In an industry consumed with fast fashion and big brands, Adelaide shoemaker Matea Gluscevic is proving that slow and sustainable is best when it comes to the world of custom-made creations.

“I can’t really participate in fast fashion or trends because by the time a trend comes and goes, I’m only at the research, development and pattern making stages,” says Matea from her workshop at creative hub The Mill on Angas Street, Adelaide.

“My satisfaction comes from making something that I know will last a long time. I want somebody to be able to have my shoes for ages.”

The 30-year-old designer and maker launched her own shoe brand just over a year ago, with the first order placed by a woman in Portland, Oregon, in the US who had spotted Matea’s shoes on Instagram.

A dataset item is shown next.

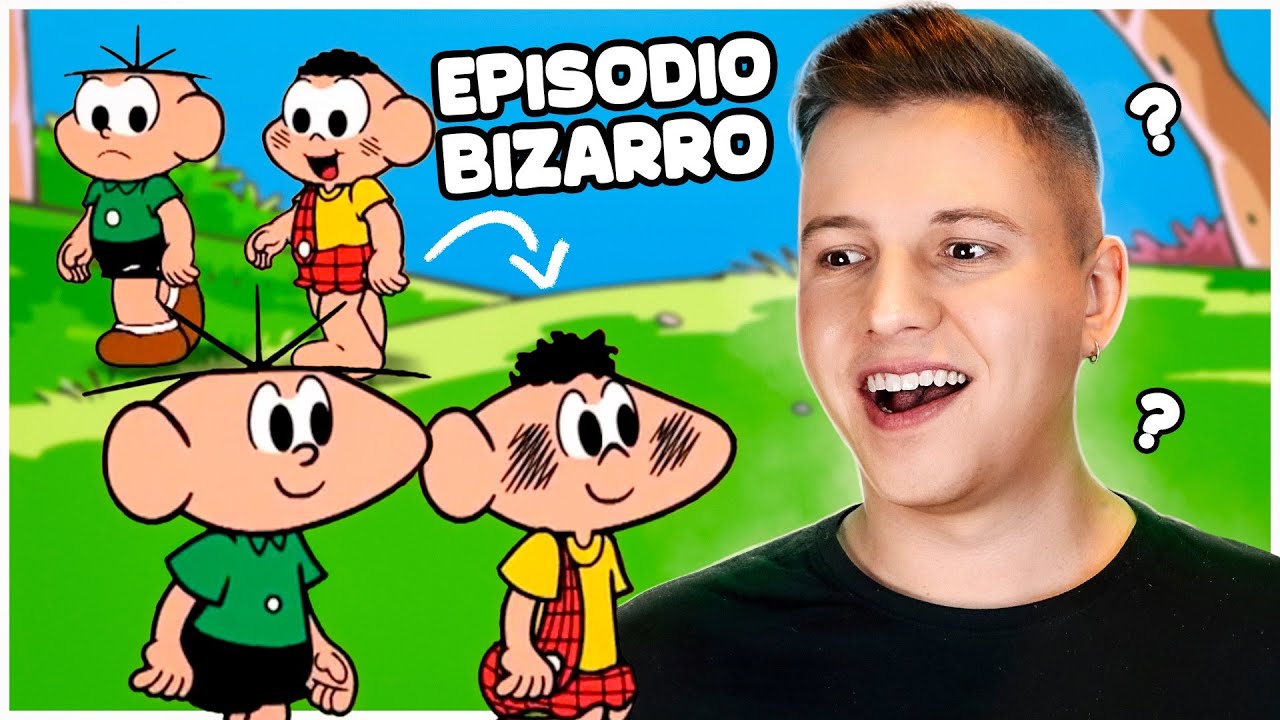 O Episódio MAIS ESQUISITO de Turma da Mônica!!!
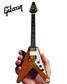 Gibson 1958 Korina Flying V Mini Guitar Replica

Matea’s workspace at The Mill. Photo by Christopher Arblaster.

Since then Matea’s brand has transitioned through a few name changes and different style directions, from minimalistic and basic block coloured sandals to more futuristic and colourful designs.

Her label underwent a rebrand recently to become Matea Gluscevic Handmade, – in response to Matea’s desire to adopt to a more genuine and sincere style suited to her own personal taste.

The shoes are made to order, taking about three weeks to craft from sustainably sourced materials including wild kangaroo leather, cork and recycled rubber.

The vegetable tanned kangaroo leather is considered more environmentally friendly than typical chrome tanned bovine leather and is sourced from South Australian kangaroo leather tannery Vacel Leather in Adelaide’s north.

“Veg tan leather is made using bark tannins, so it’s better for the environment … I would rather not have too much of a guilty conscience in terms of what I’m doing,” Matea says.

“Even the rubber I use is made from 20% recycled content.”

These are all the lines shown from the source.